5) Email the People You Want to Stay in Touch With (and Maybe Some You Don’t)
You never know where your next major opportunity is going to come from. I’ve found it to be a rule of thumb that I’ll get two contacts at any conference that will have a significant impact on my business.
You can usually recognize which one those are going to be, but make sure you don’t drop the ball and let the relationship disappear until the next time you randomly cross paths. Email them to follow up, and talk about next steps if there are any.
Sometimes you also meet people that you don’t necessarily want to follow up with. Do it anyway. Even a simple email saying nice to meet you can go a long way, and you never know when they go to a friend and say something “So I know this guy that can help you with that…”
6) Clarify Primary Takeaways
You probably just got overwhelmed with a ton of information, both from the actual sessions, as well as from all the new people you met. Take the time to write down your primary takeaways, so that as you’re going through your next steps you can incorporate them.
A couple of mine from this trip:
- There are a lot more potential opportunities to monetize Breaking Eighty via affiliate marketing than I’d thought, while still being authentic.
- There are a couple markets that are perfect for Location Rebel that I’ve been completely neglecting.
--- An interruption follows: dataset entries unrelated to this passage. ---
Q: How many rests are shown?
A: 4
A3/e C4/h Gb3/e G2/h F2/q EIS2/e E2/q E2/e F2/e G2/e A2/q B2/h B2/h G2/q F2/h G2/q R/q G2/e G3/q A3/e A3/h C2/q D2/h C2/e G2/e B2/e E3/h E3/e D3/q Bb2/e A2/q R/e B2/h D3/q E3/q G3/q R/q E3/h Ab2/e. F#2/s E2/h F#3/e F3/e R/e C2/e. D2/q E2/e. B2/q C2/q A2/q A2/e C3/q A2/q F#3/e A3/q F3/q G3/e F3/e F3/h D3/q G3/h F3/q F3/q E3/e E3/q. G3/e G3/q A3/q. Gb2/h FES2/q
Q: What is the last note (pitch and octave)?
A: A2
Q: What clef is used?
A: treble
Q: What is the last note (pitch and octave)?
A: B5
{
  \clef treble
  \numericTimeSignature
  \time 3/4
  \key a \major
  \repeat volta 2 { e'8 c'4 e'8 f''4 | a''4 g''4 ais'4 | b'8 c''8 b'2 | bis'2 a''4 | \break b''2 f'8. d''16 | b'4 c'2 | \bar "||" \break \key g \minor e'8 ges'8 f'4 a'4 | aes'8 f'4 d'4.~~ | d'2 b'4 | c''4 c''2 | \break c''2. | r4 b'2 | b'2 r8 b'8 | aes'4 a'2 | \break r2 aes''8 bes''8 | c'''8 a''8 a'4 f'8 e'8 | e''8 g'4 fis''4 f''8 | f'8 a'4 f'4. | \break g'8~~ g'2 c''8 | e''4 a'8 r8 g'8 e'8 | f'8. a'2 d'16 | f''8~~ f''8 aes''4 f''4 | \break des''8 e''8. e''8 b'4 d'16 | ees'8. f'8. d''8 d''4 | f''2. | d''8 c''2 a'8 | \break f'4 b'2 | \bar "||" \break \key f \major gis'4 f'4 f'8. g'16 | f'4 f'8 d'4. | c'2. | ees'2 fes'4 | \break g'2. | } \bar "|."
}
- Webinars are still an excellent way to make sales and provide value at the same time.
I’ll be spending time working on each of these over the coming months – and it’s important to keep these front of mine so they don’t get overlooked in favor of what’s more urgent.
7) Write a Blog Post
Well, it’s pretty obvious that this one’s one my to-do list.
Why should you write a blog post after a conference, you may be asking?
Because it can be a great source of traffic, help you cement the key takeaways we discussed above, and can be a good reminder for other people at the conference to follow up with you.
Post it, and then get on Twitter and Facebook using the conference hashtag. Usually people will still be following it during the week after, and it can also be a good way to get on, or stay on the radar of the people behind the event.
8) Go to the Gym
I just spent 3 days (ok, more like 14 between NYC and North Carolina) doing nothing but eating and drinking. Props to Shareasale on that one, they certainly know how to throw a good party!
Sidenote: If you find yourself in NYC, do yourself a favor and check out Raines Law Room. Super cool and unique, and the “Tattle-Tale”1 was excellent.
But the whole trip, all I could think about is “wow, I’m getting fat.” And, you know, instead of doing something high intensity and healthy like going for a run and eating a salad, I went golfing and had bbq.
So when you get back, don’t just go to the gym, but create a schedule for getting back to your healthy habits. Make this the most important thing on your to do list, otherwise, you’ll let all of the other work you have to do overwhelm you and you’ll never make it.
Once I’ve developed those habits it will be easier to listen to Mike’s advice.
9) Take a Day Off
Conferences and travel are exhausting. Do yourself a favor and take a mental health day when you get back. Sure you should get started on this list, but also take some time to watch a trashy TV show or two or get a massage. It will leave you much more motivated to hit the ground running when you get back down to work.
10) Figure Out Which Conference is Next
Chances are you walked away with some great takeaways and are excited to get even more. So spend a little bit of time asking yourself questions to see what the best fit for the next conference will be. Some examples:
- Was this event too big? Too small? Just right?
- Were the attendees people I could actually do business with?
- Were the speakers bringing new and interesting ideas to the table?
- Was the event held in a place that I’ve been wanting or needing to go to?
Thanks to everyone who made Think Tank 2014 such a memorable event for me, and to Brian and the whole Share-A-Sale team for working so hard to put it together.